In 2001 Matt Dixon and Brent Adamson authored the best-selling book, “The Challenger Sale”.
This time Matt has teamed up with Ted McKenna to publish the remarkable book “The Jolt Effect.”
We are all in sales! From single entrepreneurs to multi-nationals. Closing deals is an ever-challenging event. Through comprehensive research this book masterfully highlights a problem and a solution behind the death knell of most deals – I’d like to think it over.
The insights garnered were discovered through a remarkable set of circumstances. Because Covid effectively forced almost all sales conversations online, this represented an incredible opportunity to study the transcripts to discover what is working out there. Specifically, why deals are disappearing despite apparent certainty in the pipeline narrative!
Partnering with several dozen companies the research team collected millions of sales conversations on platforms like Zoom, Teams, Webex etc. Using speech recognition software this unstructured data was converted to unstructured text. Then using Tethr, a machine learning platform, the data was transformed into structured data, tagging 8300 unique factors within these calls. These factors were then examined to discover the ones that were driving sales performance.

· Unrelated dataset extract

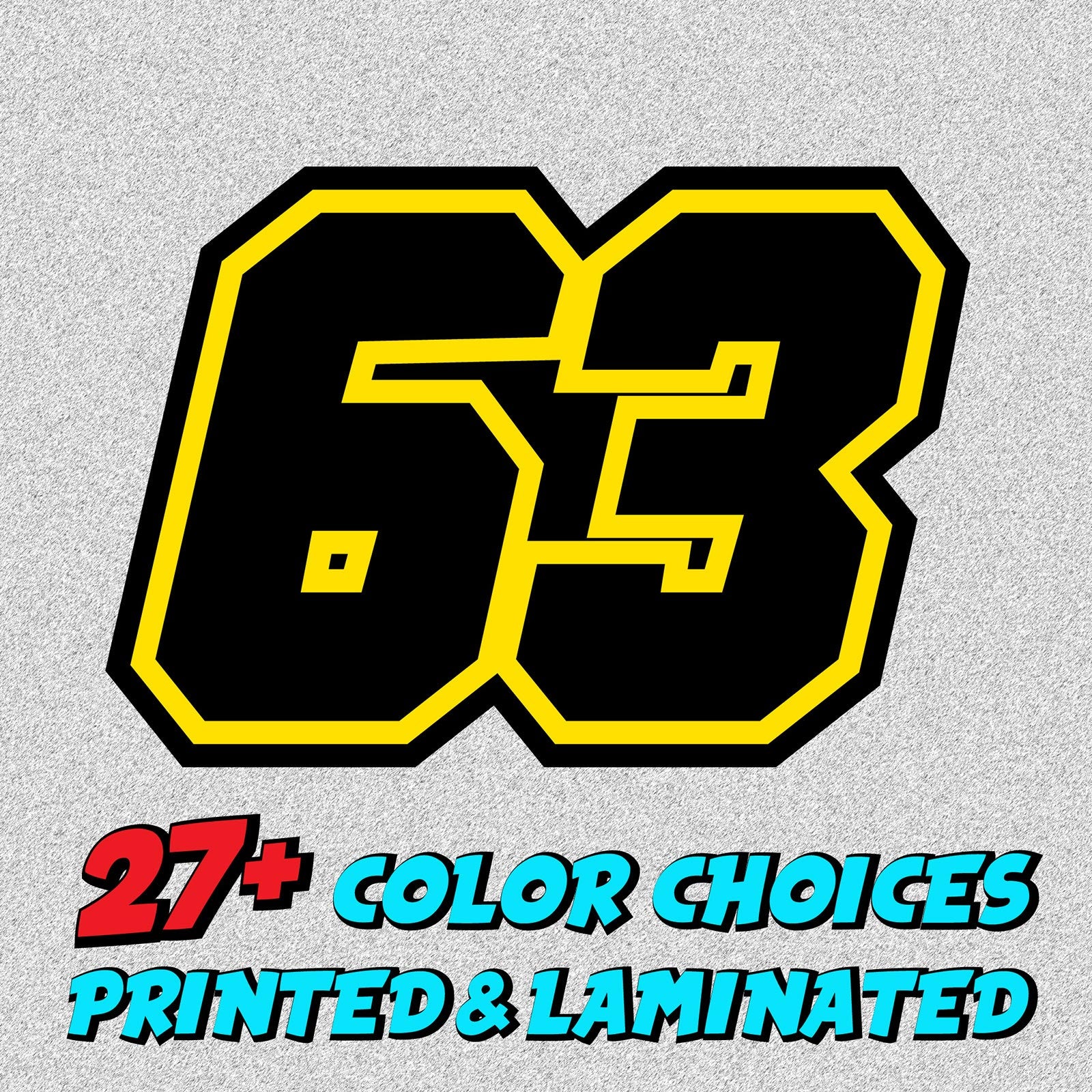 Custom Motorcycle Racing Number Stickers - Personalize Your Ride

Executive Summary Takeaways
Here are my key takeaways that will surprise you.
- One of the biggest challenges facing sales professionals is the prospect hanging onto the status quo. Traditionally, we mentor those sales teams to show the prospect that “the pain of same is worse than the pain of change.”
- However, the book starts with the revelation that despite successfully showing the validity of point one, the deals are still not closing. That is even though the prospect recognizes the pain equation, the buyer is still resisting.

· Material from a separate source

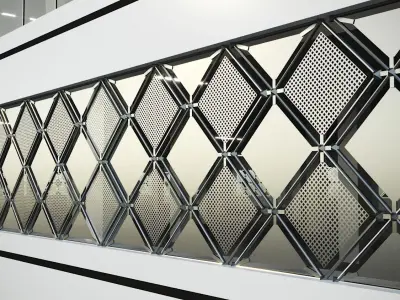 Multi-level parking 3D model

- Traditionally at this point sales teams have been taught to deploy the FUD principal. Fear, uncertainty, and doubt. They elevate the pain of the status quo. They double down on ROIs, case studies, demos etc. But it’s not working.

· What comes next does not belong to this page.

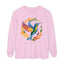 Hummingbird Rainbow Garment-dyed Long Sleeve T-Shirt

- What this latest research is telling us is quite revealing. Even if sales professionals get past the status quo barrier, they are hitting a potentially invisible second barrier – the customer’s own inability to make a decision.
- Customers, it turns out are much less worried about missing out than they are about messing up!
- This indecision by customers was observed in 87% of sales opportunities and sometimes at elevated levels. What’s driving the growth in this indecision? Number of product options are increasing, amount of information available is increasing, and the perceived risk of getting it wrong goes up.
- The solution involves a counterintuitive move – you need to dial down the fear of purchasing and not dial up the fear of not purchasing! Traditionally sales teams have doubled down on the fear and consequences of not buying. If we believe this new research, increasing customer’s fear does not help their indecision. It makes it worse.
- The solution involves a new chapter of your playbook. The authors call it “The Jolt Effect.” Here’s the beauty of this added tool. It can be added to an existing Diagnostic Sales Process (which I’ve embedded many times). It’s a new chapter that attacks the buyer’s indecision symptom.
- So, to be precise. Instead of assuming that the customer has entered the “I’m happy with the status quo” mindset, the research is saying that only around 44% of those cases are actually status quo cases. The 56% majority of so called status quo cases are misread because they are actually buyer indecision cases. That’s a different problem requiring a different solution called the JOLT approach.
- JOLT stands for: Judge the indecision, offer your recommendation, limit the exploration of alternatives, take risk off the table.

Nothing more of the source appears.